# [Problem statement]
Using the material below, repeat exactly the lines from the one with "Imperial Agents: Vindicare Assassin" through the one with "Daihatsu HIJET TRUCK — фото 1", ends included, without any images.

# [Task input]
━━━━━━

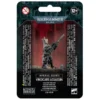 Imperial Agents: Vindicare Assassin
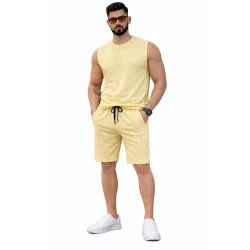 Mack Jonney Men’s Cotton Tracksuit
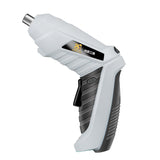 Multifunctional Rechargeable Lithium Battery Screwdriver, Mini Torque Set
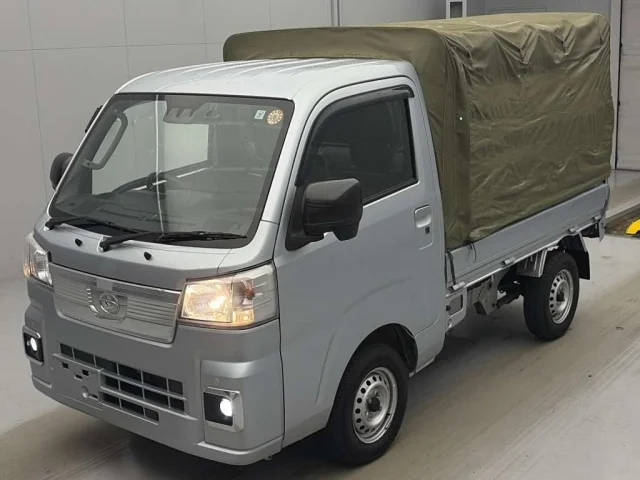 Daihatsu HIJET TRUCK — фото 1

━━━━━━

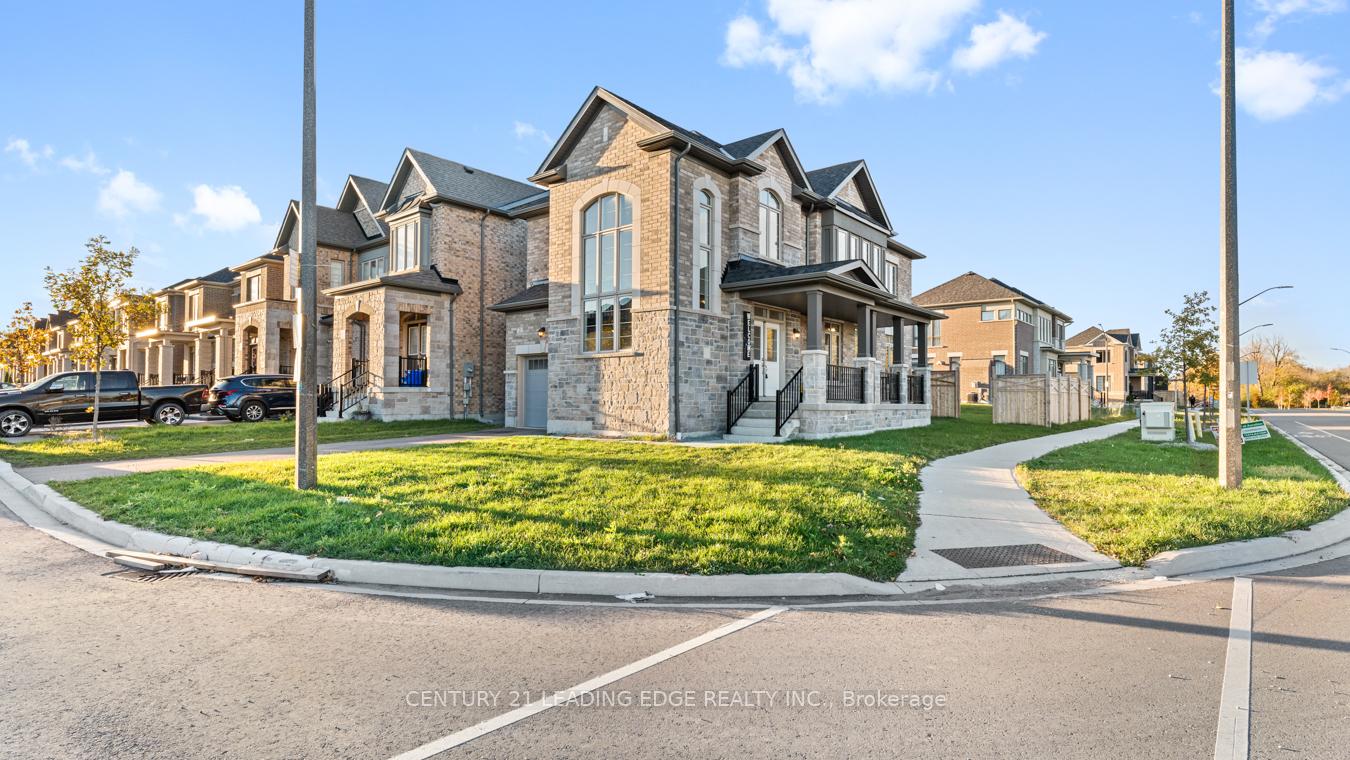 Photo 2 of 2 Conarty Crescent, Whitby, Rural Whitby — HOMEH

━━━━━━

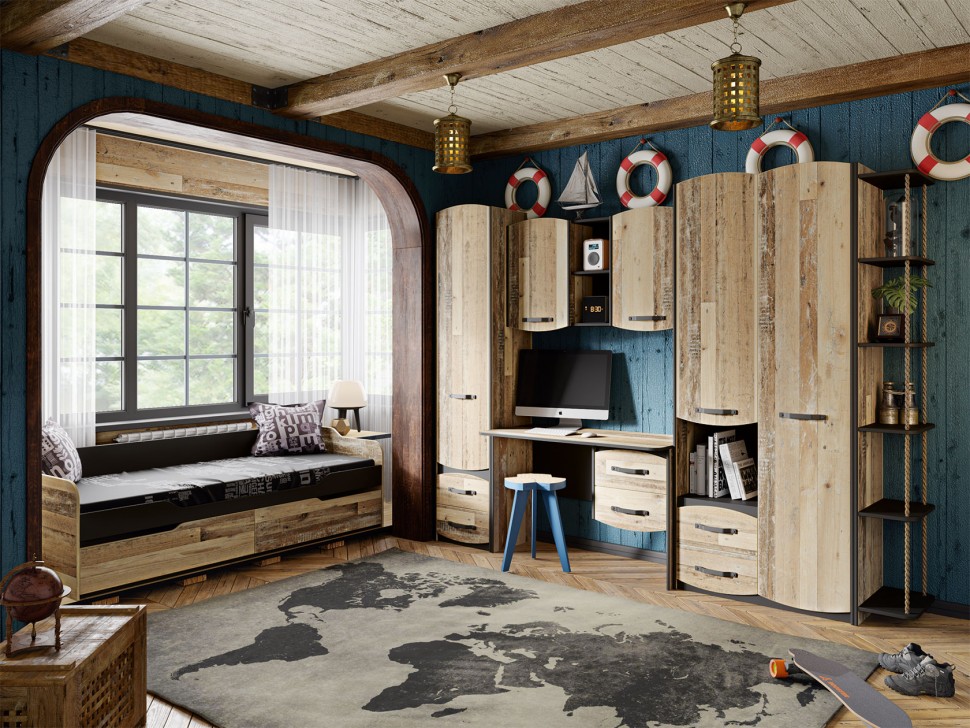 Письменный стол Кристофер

━━━━━━

# [Output of the exercise]
 Imperial Agents: Vindicare Assassin
 Mack Jonney Men’s Cotton Tracksuit
 Multifunctional Rechargeable Lithium Battery Screwdriver, Mini Torque Set
 Daihatsu HIJET TRUCK — фото 1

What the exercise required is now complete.